Restate the records below exactly. Pictures are not part of the copy.

# INPUT FOR THIS TASK
════════════════
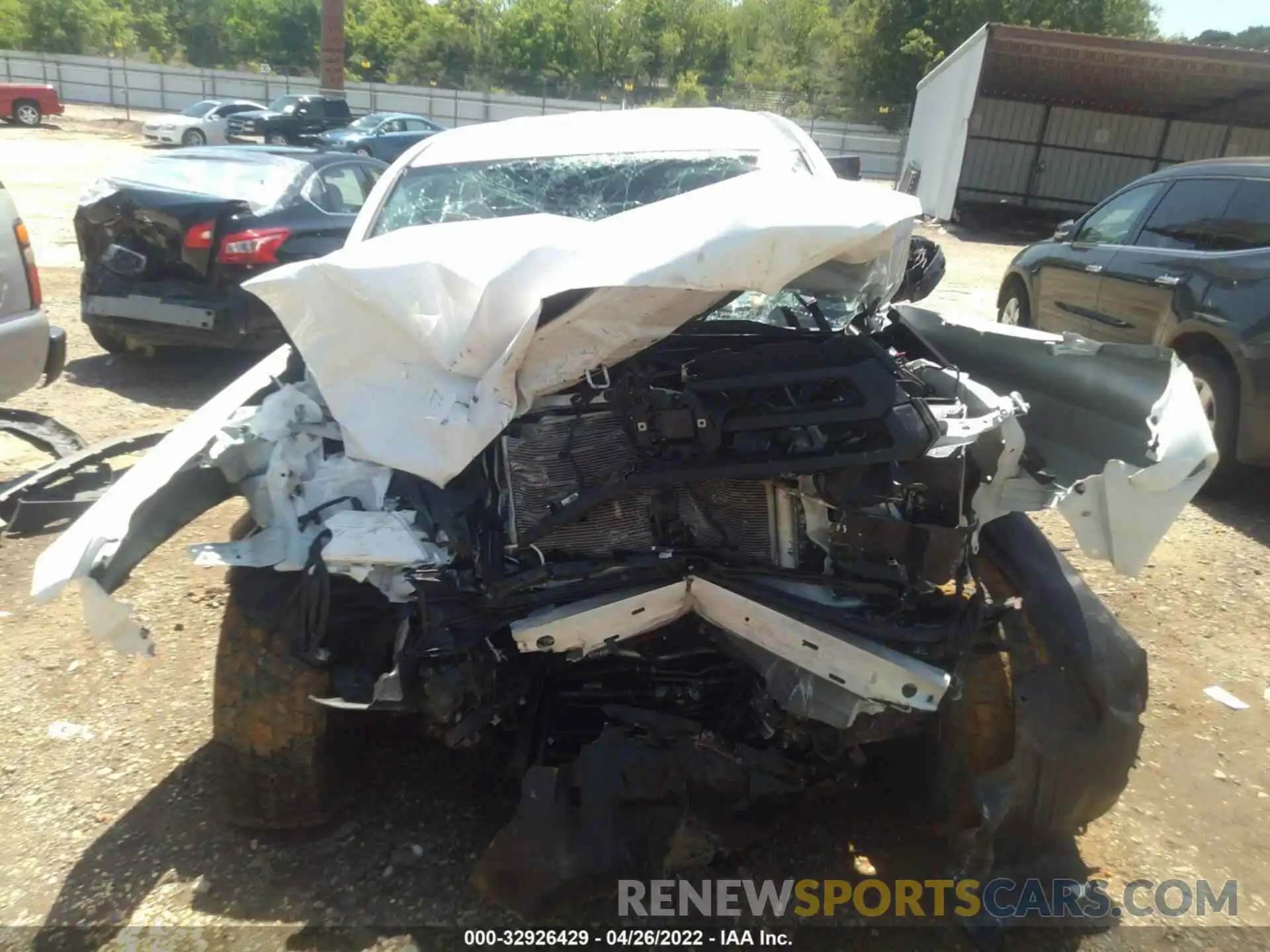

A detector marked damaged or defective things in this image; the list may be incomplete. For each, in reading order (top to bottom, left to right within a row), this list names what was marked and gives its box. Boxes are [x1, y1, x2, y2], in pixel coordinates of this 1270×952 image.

damaged black sedan [77, 147, 383, 355]
shattered windshield [368, 151, 751, 237]
crumpled sedan hood [245, 167, 924, 487]
crushed hood [245, 171, 924, 487]
wrecked white pickup truck [34, 108, 1214, 919]
damaged black sedan [34, 108, 1214, 919]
════════════════
# RESPONSE FOR THIS EXERCISE
A detector marked damaged or defective things in this image; the list may be incomplete. For each, in reading order (top to bottom, left to right within a row), this list names what was marked and gives its box. Boxes are [x1, y1, x2, y2], in pixel coordinates of this 1270×952 image.

damaged black sedan [77, 147, 383, 355]
shattered windshield [368, 151, 751, 237]
crumpled sedan hood [245, 167, 924, 487]
crushed hood [245, 171, 924, 487]
wrecked white pickup truck [34, 108, 1214, 919]
damaged black sedan [34, 108, 1214, 919]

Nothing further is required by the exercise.